Exercise goal: Look through the lines below for the word "Suites", and copy every line that has it.

Supplied entries:
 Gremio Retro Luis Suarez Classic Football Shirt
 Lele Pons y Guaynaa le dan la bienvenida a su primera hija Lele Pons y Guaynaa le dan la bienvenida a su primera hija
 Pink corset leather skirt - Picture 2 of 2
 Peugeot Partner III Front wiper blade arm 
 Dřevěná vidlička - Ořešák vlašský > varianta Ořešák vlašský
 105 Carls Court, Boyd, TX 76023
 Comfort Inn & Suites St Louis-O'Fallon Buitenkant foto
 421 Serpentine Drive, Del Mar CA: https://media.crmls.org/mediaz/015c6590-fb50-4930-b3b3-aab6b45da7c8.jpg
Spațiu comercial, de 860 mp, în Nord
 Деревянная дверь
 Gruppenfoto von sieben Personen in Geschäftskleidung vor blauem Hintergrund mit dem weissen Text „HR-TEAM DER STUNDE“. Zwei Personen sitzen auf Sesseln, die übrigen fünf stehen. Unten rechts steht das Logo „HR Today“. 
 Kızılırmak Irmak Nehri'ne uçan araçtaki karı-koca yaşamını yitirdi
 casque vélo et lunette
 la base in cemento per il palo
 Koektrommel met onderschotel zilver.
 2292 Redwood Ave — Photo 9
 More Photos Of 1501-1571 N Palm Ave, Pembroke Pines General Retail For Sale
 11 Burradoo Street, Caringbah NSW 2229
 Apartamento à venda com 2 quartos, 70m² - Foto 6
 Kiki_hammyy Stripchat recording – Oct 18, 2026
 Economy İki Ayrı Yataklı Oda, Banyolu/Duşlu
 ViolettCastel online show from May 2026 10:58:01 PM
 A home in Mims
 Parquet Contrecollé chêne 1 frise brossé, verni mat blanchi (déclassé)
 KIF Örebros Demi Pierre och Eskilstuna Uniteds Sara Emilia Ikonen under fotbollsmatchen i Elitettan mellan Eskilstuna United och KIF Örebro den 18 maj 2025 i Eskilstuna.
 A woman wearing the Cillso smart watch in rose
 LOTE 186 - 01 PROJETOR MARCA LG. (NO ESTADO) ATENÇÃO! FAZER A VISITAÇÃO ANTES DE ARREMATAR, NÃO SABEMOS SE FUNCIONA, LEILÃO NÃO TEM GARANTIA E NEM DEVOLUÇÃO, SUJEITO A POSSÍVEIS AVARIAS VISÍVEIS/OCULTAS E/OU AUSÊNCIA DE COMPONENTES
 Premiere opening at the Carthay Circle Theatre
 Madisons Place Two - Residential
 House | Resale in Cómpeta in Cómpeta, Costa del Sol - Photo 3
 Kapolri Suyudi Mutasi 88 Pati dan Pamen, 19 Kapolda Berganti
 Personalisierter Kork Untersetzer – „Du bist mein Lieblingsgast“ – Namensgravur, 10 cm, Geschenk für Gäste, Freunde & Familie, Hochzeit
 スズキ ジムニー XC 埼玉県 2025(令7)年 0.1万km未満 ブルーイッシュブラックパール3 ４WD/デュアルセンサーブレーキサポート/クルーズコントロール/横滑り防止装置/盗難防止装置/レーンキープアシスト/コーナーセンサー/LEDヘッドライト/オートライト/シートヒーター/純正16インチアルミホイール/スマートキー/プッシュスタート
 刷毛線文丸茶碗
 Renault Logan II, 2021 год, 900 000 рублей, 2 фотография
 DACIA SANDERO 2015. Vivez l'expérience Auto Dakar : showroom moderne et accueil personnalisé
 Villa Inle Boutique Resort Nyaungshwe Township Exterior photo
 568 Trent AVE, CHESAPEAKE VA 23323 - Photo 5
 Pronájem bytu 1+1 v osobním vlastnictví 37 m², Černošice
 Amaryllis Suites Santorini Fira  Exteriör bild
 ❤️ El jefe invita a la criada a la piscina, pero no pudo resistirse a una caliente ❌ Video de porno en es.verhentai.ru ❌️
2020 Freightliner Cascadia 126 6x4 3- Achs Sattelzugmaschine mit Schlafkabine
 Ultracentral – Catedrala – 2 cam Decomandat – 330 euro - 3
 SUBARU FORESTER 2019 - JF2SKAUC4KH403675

Response area:
 Comfort Inn & Suites St Louis-O'Fallon Buitenkant foto
 Amaryllis Suites Santorini Fira  Exteriör bild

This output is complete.